• Hi All

    Please note that at the Chandoo.org Forums there is Zero Tolerance to Spam

    Post Spam and you Will Be Deleted as a User

    Hui...

  • When starting a new post, to receive a quicker and more targeted answer, Please include a sample file in the initial post.

COUNTIFS. Counting survey responses that include "< 5" or "> 25" as text.

Peter Bartholomew

Well-Known Member
I was recently trying to analyse the results of a survey in which the questions included such as
"What is the typical life of critical spreadsheets within your organisation?"

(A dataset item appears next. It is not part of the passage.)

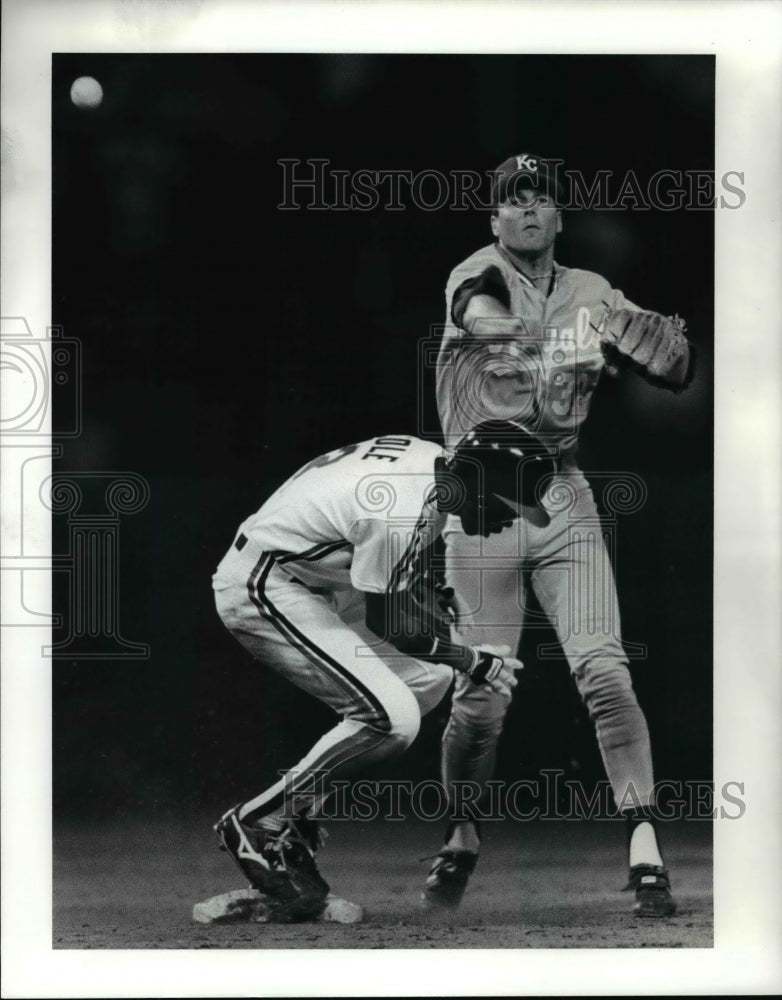 1990 Press Photo Cleveland&#39;s Alex Cole vs K.C.&#39;s Bill Pecota in a baseball game- Historic Images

The table on the left and the option list to the right are returned to the sheet from PowerQuery (the question number being an input parameter) but then I used formulas to return the count of each reply. For some questions the totals did not tally and it turned out that "< 5" was being treated as a numeric criterion rather than a text equality condition. Are there any standard ways of making the COUNTIFS function treat the string as a literal?

69525

p.s. I finished up by editing the data to replace "> 20" by "More than 20 yrs" but I would have preferred to avoid touching the raw data.
 

Attachments

Peter Bartholomew

Well-Known Member
@AliGW
Depending on the question selected, the user may have from 2 options up to in the region of 12. I found it convenient to have the result as a dynamic array rather than a filled ranges so that the various forms of analysis (e.g. breaking the responses down by demographics as well as performing simple counts, in case there was value in such analysis) did not require manual intervention when moving from question to question.

Example result with demographics.
Most supply chain companies would use a critical spreadsheet for 5-10 yrs.
This increases to 10-20 yrs for OEMs.
For software vendors the typical time is less, 1-5 yrs.

That put paid to the idea that spreadsheets were simply temporary, ad-hoc solutions that do not warrant lifecycle management effort.
 

AliGW

Active Member
Sorry - that didn't answer my question. The formula in Count2 seems to be counting correctly, so why not just use that?

You might want to try an escape character - something like this (untested on your data), which I often use when counting A* grades:

SUBSTITUTE(value,"*","~*")
 

Peter Bartholomew

Well-Known Member
I have found another solution, namely to replace "<" and ">" by left and right arrowheads, "˂" and "˃", Unicode characters 02C2 and 02C3.
Still open for ideas though.
 

Peter Bartholomew

Well-Known Member
@AliGW
The intersection operator "@" means that the 2nd formula does not spill.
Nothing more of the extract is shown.